EXTRACTED RECORDS:

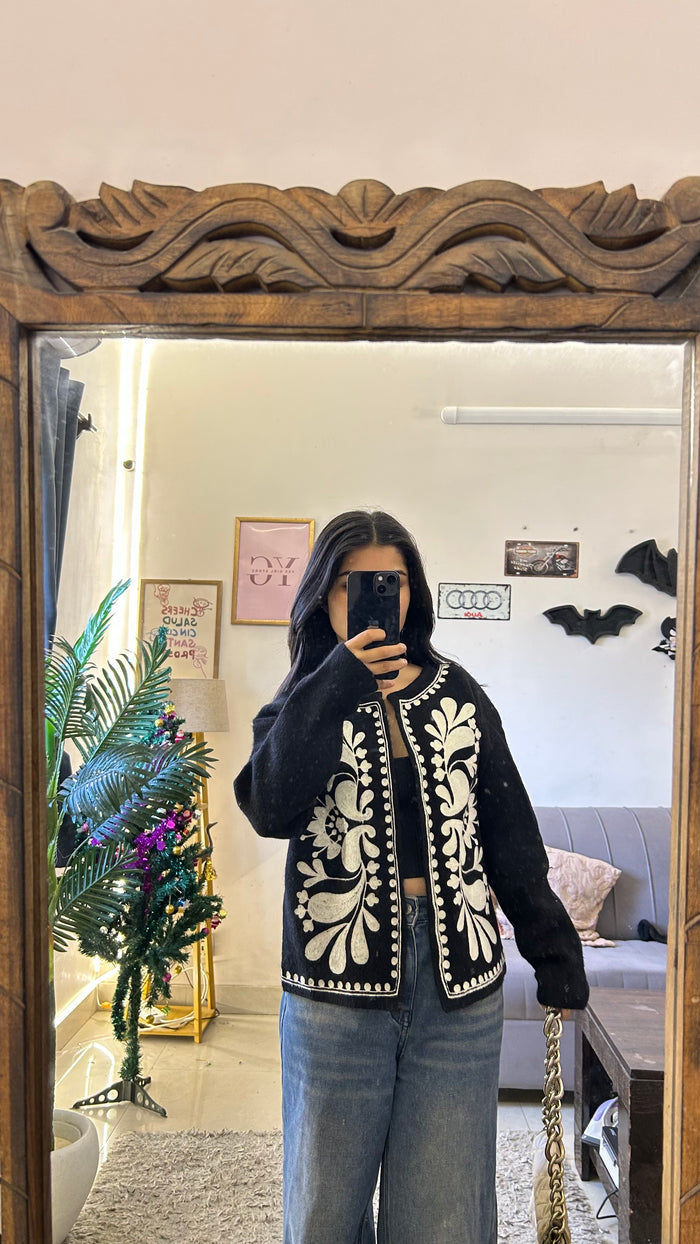 35 cute embroiderysweater S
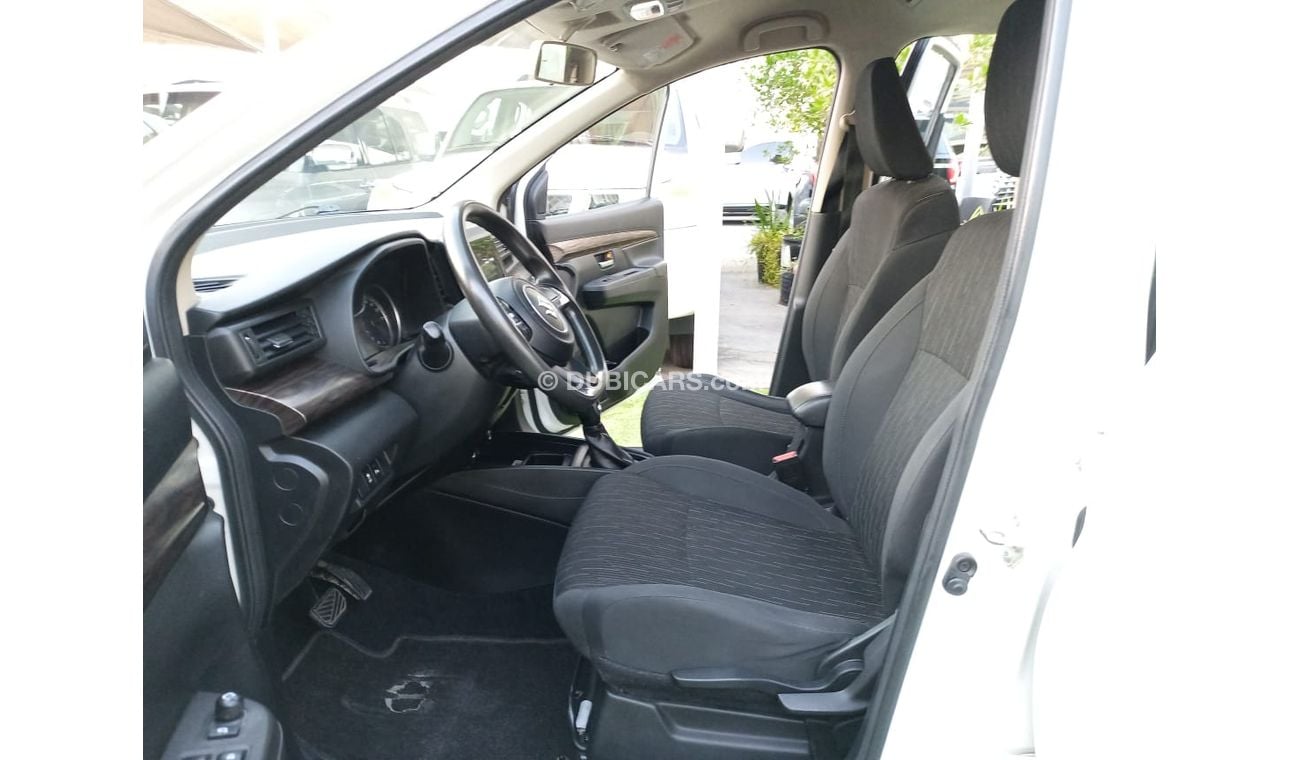 Suzuki Ertiga 2019 model, agency dye, 1600 cc, imprint, white color, rear wing, alloy wheels, air conditioning, wo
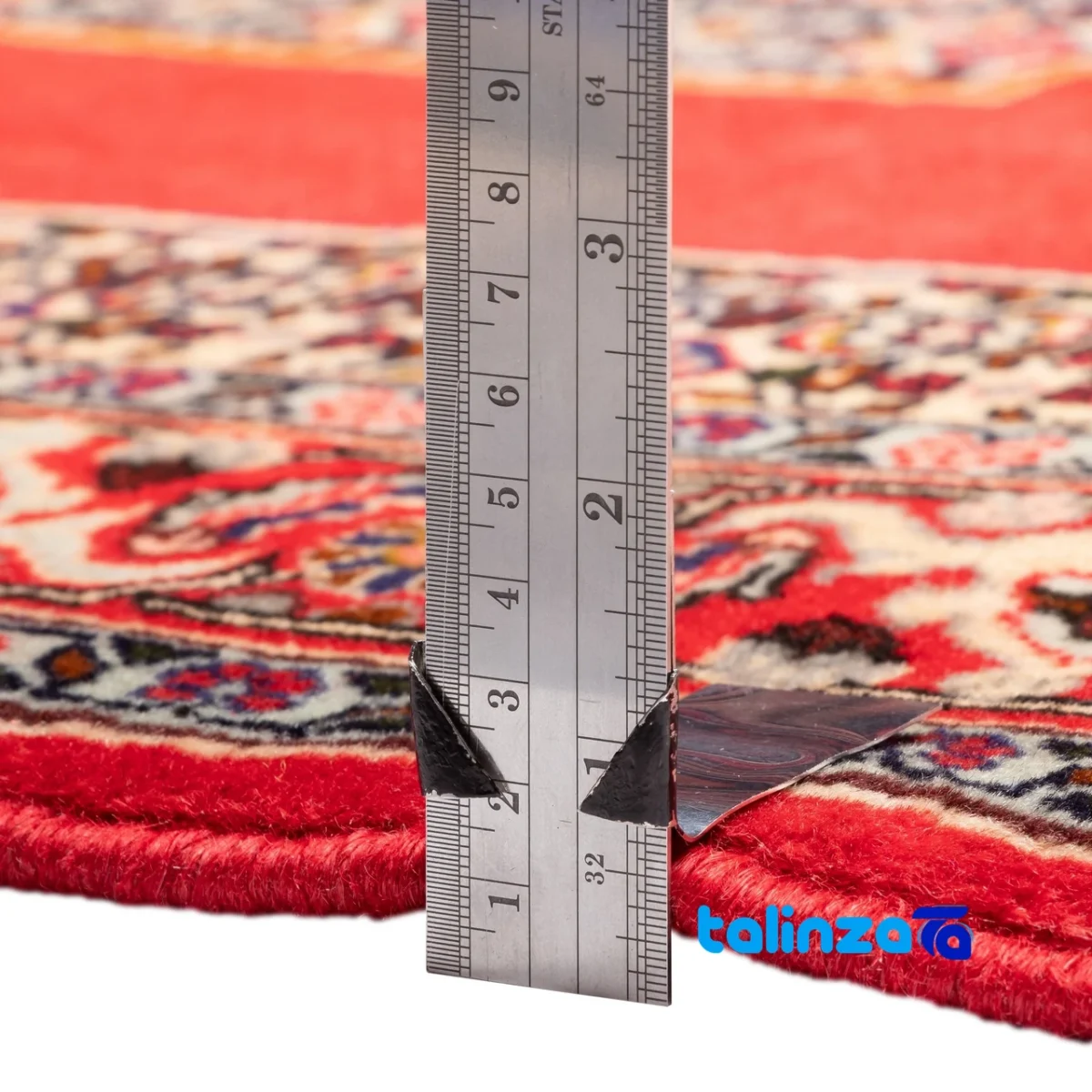 Edge view of C Persia Handwoven Rug Elegant Design border and finishing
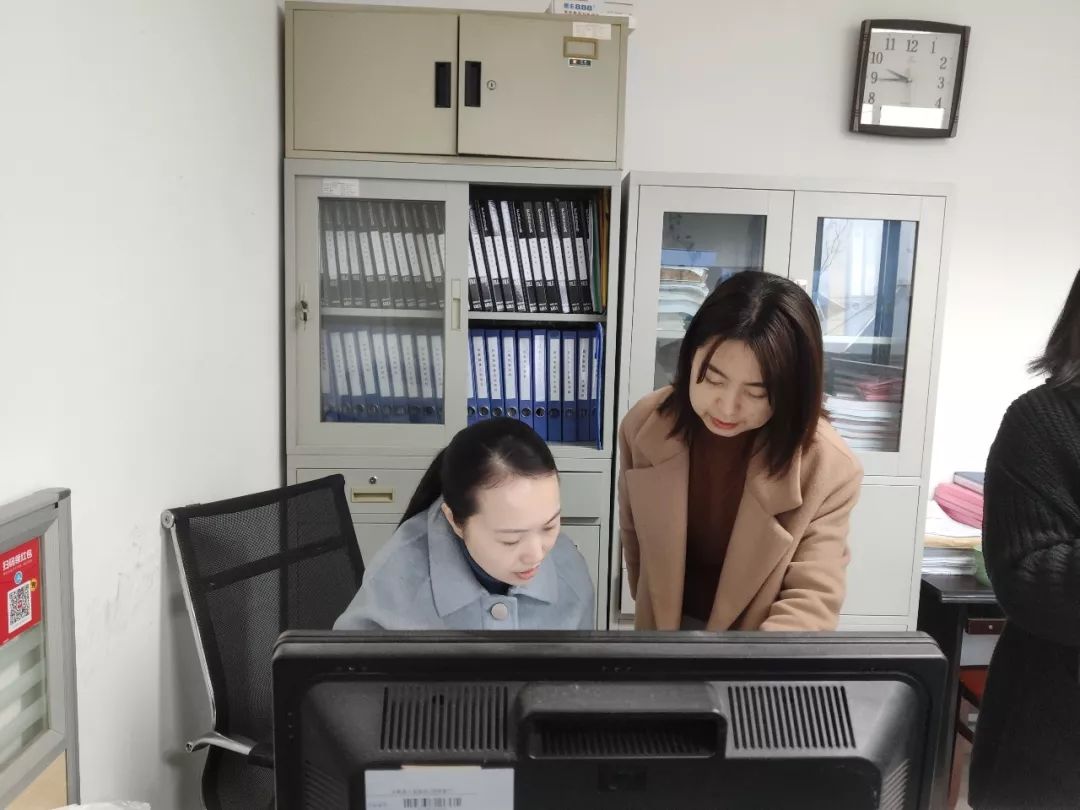 医联体办公室组织管理人员赴云和分院行政大查房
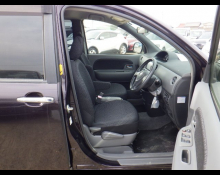 Toyota Sienta 2013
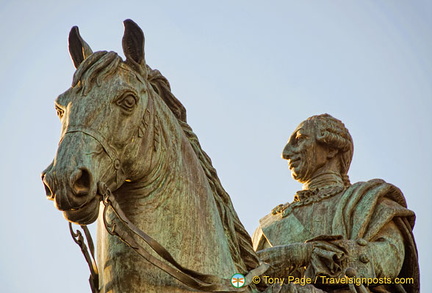 Statue of King Carlos III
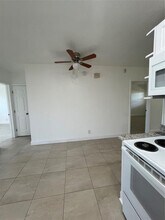 2550 NE 51st St-Unit -103 in Fort Lauderdale, FL - Building Photo - Building Photo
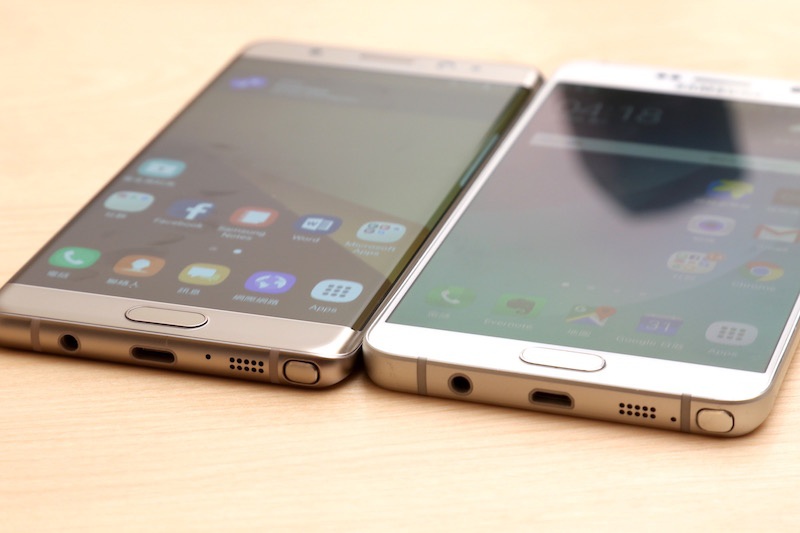 Galaxy Note 7 的設計很容易導致螢幕碰撞到地面(圖/記者陳宜豐拍攝)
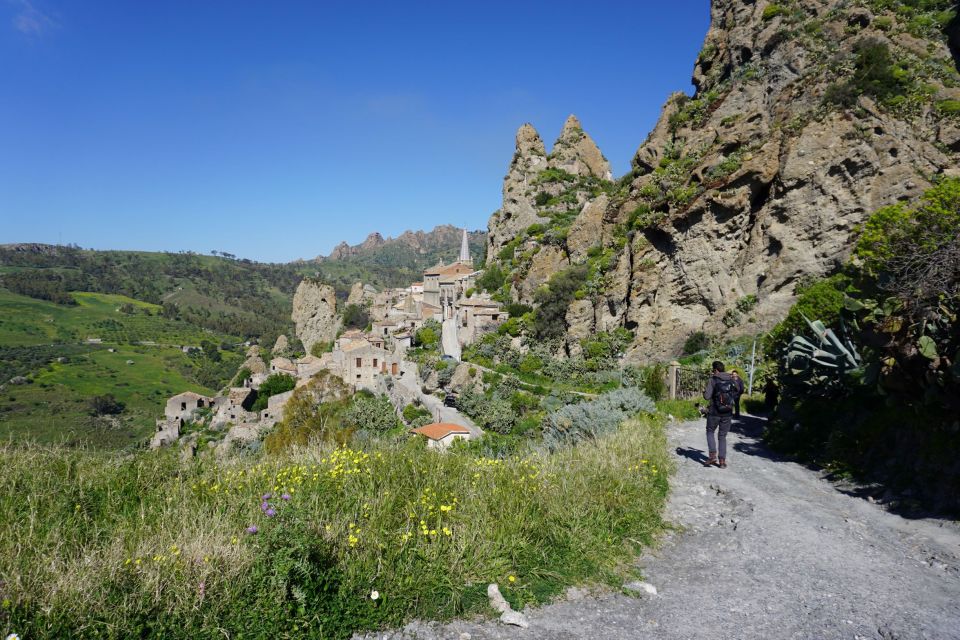 Private Trek From Pentedattilo to Rocche Di Santa Lena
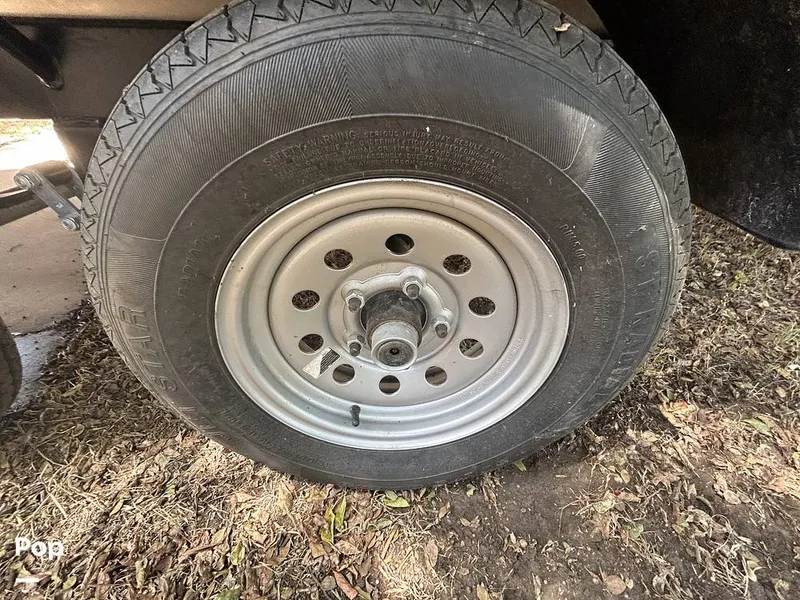 Slide: The Image of Harris 240 Cruiser 2015 - 15767306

EXERCISE DETAILS: Make an exact copy of the records, pictures excluded.

EXERCISE RESULT:
 35 cute embroiderysweater S
 Suzuki Ertiga 2019 model, agency dye, 1600 cc, imprint, white color, rear wing, alloy wheels, air conditioning, wo
 Edge view of C Persia Handwoven Rug Elegant Design border and finishing
 医联体办公室组织管理人员赴云和分院行政大查房
 Toyota Sienta 2013
 Statue of King Carlos III
 2550 NE 51st St-Unit -103 in Fort Lauderdale, FL - Building Photo - Building Photo
 Galaxy Note 7 的設計很容易導致螢幕碰撞到地面(圖/記者陳宜豐拍攝)
 Private Trek From Pentedattilo to Rocche Di Santa Lena
 Slide: The Image of Harris 240 Cruiser 2015 - 15767306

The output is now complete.